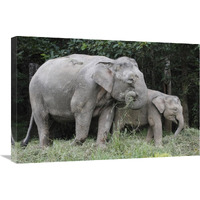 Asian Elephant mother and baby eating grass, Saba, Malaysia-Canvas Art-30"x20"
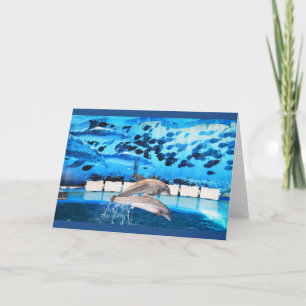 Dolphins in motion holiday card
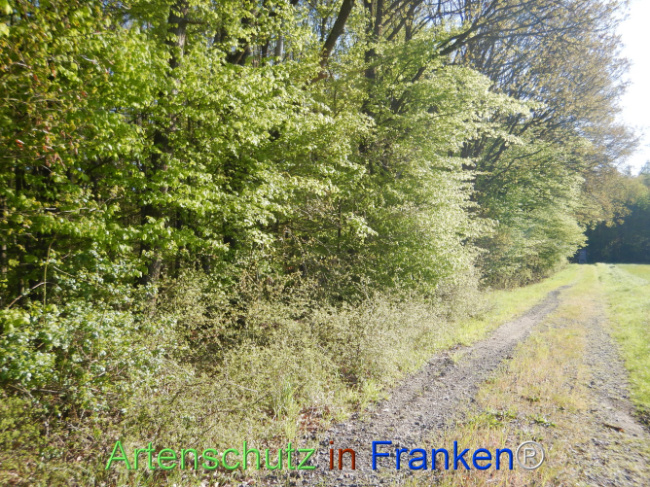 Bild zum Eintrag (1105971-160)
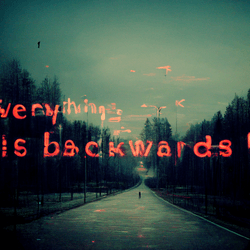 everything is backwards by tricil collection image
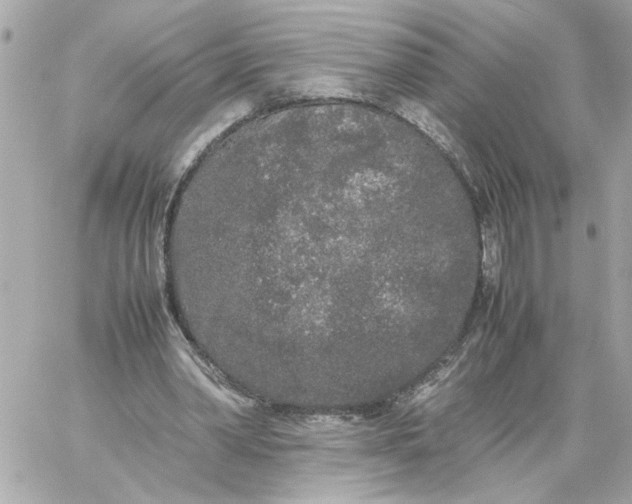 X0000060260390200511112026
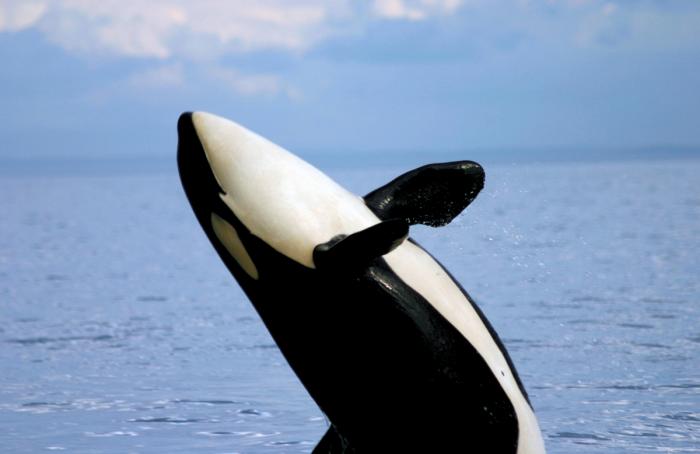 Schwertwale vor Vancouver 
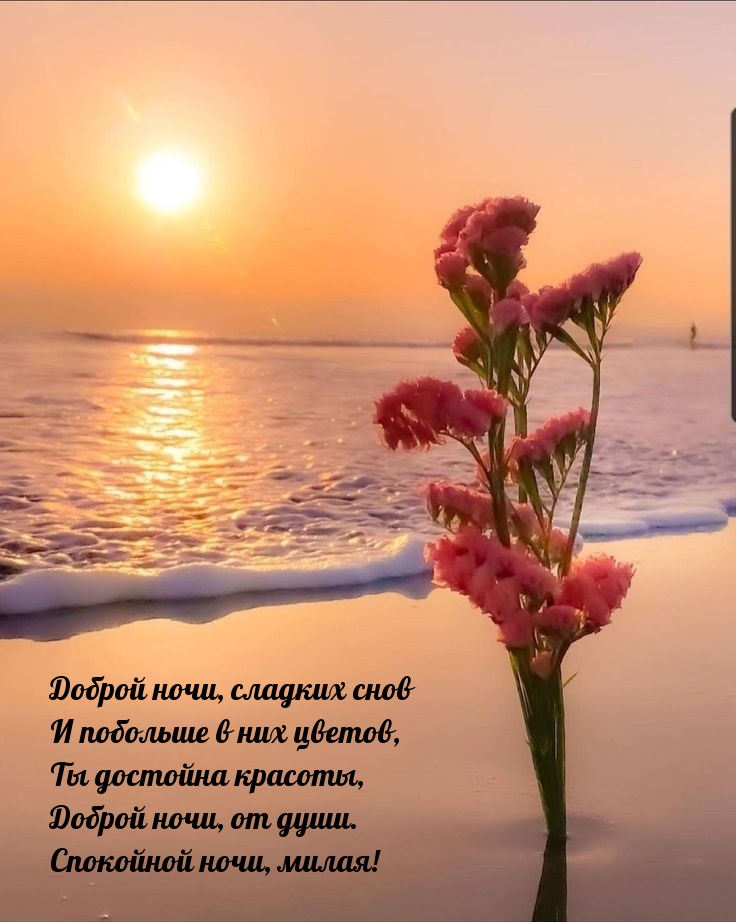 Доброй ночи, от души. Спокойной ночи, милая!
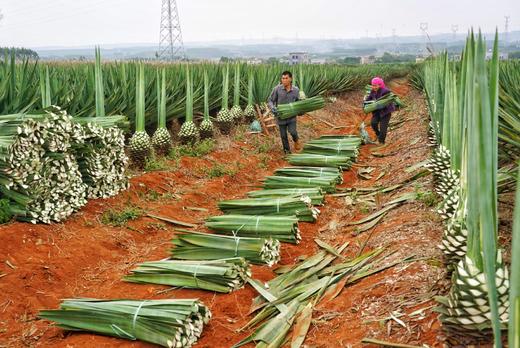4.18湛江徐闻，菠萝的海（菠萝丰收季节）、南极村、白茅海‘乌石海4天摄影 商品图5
---
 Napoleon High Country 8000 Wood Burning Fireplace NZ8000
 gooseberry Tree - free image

◆ Required work:
In the material above, which lines fall between the one holding "Dolphins in motion holiday card" and the one holding "4.18湛江徐闻，菠萝的海（", inclusive? Print exactly those, with the pictures left out.

◆ Result of the exercise:
 Dolphins in motion holiday card
 Bild zum Eintrag (1105971-160)
 everything is backwards by tricil collection image
 X0000060260390200511112026
 Schwertwale vor Vancouver 
 Доброй ночи, от души. Спокойной ночи, милая!
4.18湛江徐闻，菠萝的海（菠萝丰收季节）、南极村、白茅海‘乌石海4天摄影 商品图5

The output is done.